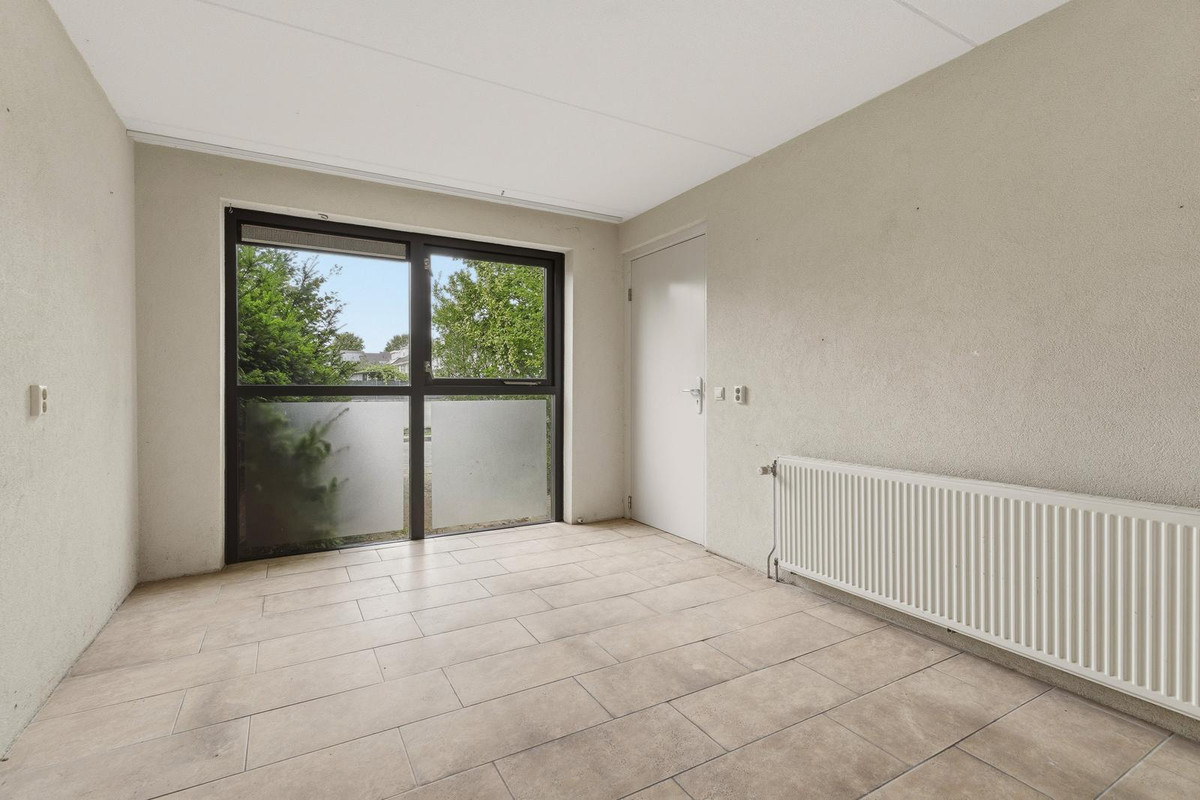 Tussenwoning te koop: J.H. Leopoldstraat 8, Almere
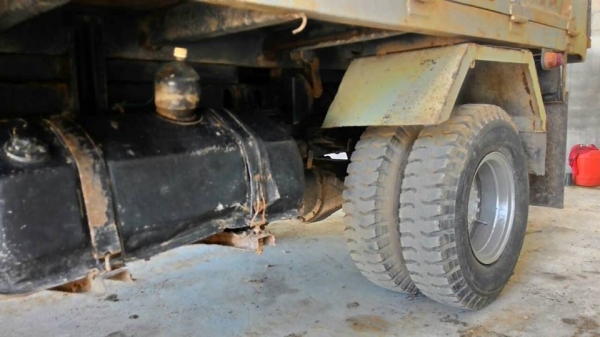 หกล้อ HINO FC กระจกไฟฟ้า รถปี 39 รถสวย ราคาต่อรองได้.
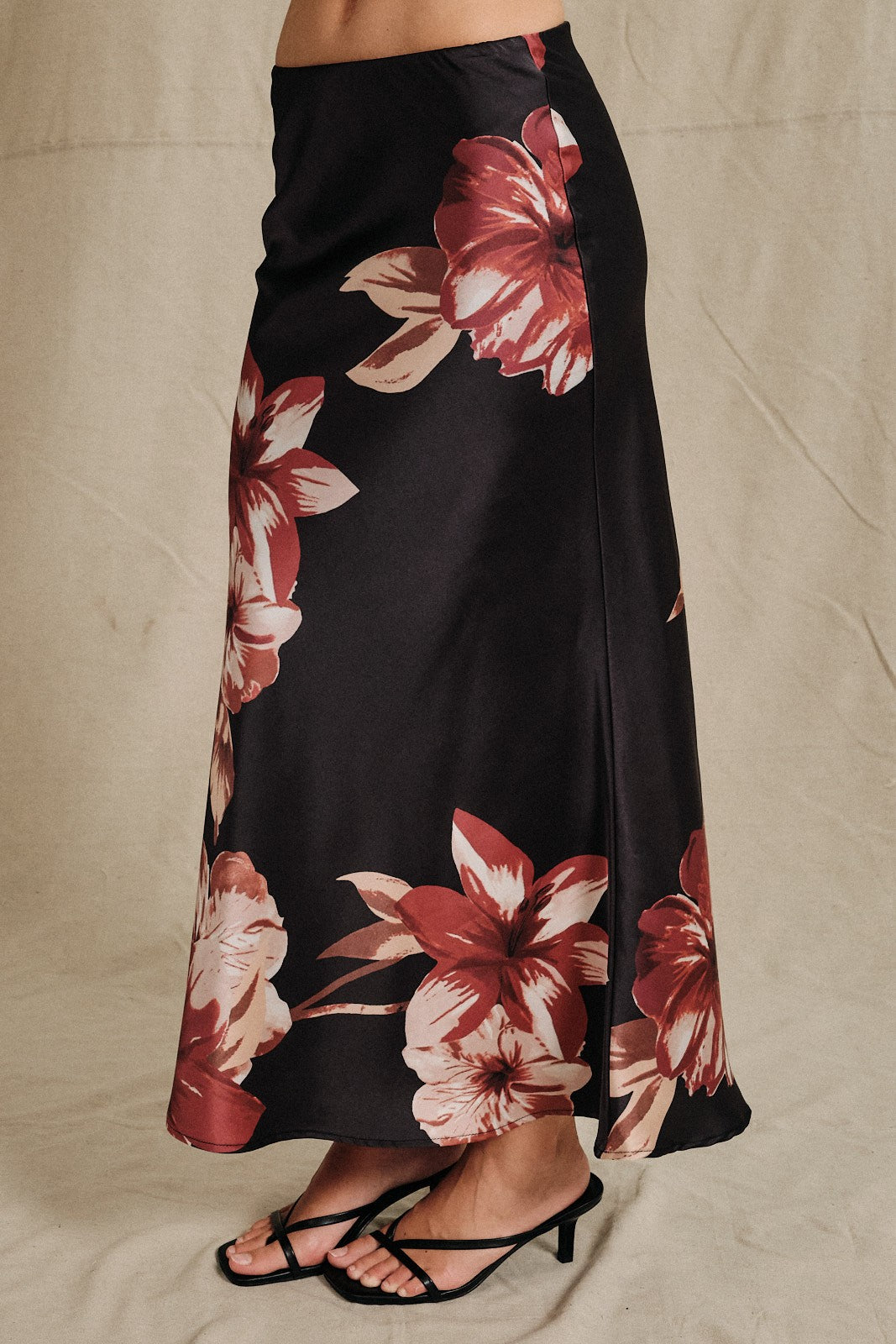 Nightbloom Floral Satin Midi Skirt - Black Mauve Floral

====

- _TASK OBJECTIVE_
Line by line, write out the material exactly, leaving the images out.

- _ANSWER FOR THE TASK_
 Tussenwoning te koop: J.H. Leopoldstraat 8, Almere
 หกล้อ HINO FC กระจกไฟฟ้า รถปี 39 รถสวย ราคาต่อรองได้.
 Nightbloom Floral Satin Midi Skirt - Black Mauve Floral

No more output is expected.